Children grow. They measure their height, look back at how small they were, gain skills as their body changes. The dramatic changes of teen years are a challenge, but the adult settles into their body, recognizing the things they do easily, accepting--with a struggle sometimes--the things that remain difficult for them. And then we age, our bodies changing again, in ways that can be harder to accept. Is this why we avoid change in our institutions? Does change feel like aging, with a sense of mortality ahead?

We love to travel, and we know that to travel we have to move. But when we go on vacation, we know that we will come back home. And often by the time the trip is over, we are ready to come back to routine, back to the place that we know, the place that is ours. Do we resist change because it will take apart our home, and we won't be able to return?

The pace of change in the twentieth century was too fast. It was hard to keep up with ourselves. The pace of change in this century may even be faster. I went to save a document last week on my computer and a brand-new dialogue box came up. It wasn't hard to figure out what to do, but the process of choosing the folder to save the file into was new. Overnight, my computer had done an update all by itself. This wasn't the first time. Some mornings, I consider turning off the automatic update feature.

I respect those people who refuse to get a cell phone or a computer. Pen and paper work well. Landlines work. Where I live, the landline works better than the cell phone. I call people who don't get email notices of things.

But I am still saddened by institutions that refuse to adapt to our changing world.

I have been intrigued by the shift in perspective at the South Grey Museum. A reading they sponsored took the form of a "pop-up" authors event. The museum opened a space in Markdale, right at the corner, which can be used by the community. That's where we gathered for the reading. Rather than just bringing in people to look at dead exhibits, the museum wants to take events out into the community and to make the museum space a place for living learning.

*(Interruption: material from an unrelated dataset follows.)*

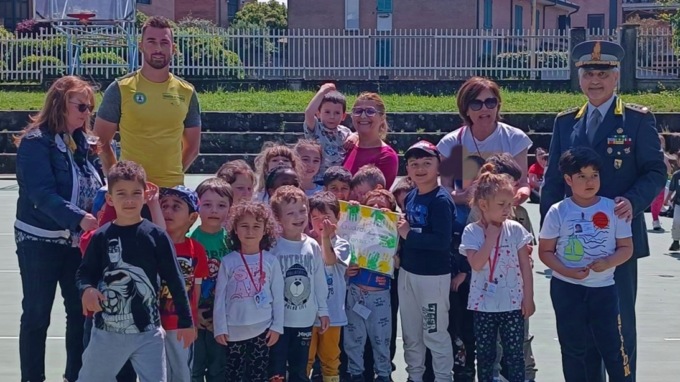 A “scuola” di sicurezza in montagna con le Fiamme Gialle: alla “Pertini”, la lezione del Soccorso Alpino di Alagna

Change is hard. There isn't a road map. We don't know what will happen when we take things apart. The shape when we put them back together will be different. But the world is different. Trying to hold on to what was is like grasping a wave on a sandy beach.

Change cannot be forced. I understand those who hold on to what is known, what used to work. But things were not "always" this way. There was a "before" that was different. Can we open up to the "after" that is strong and new and growing?

Cathy Hird lives on the shore of Georgian Bay.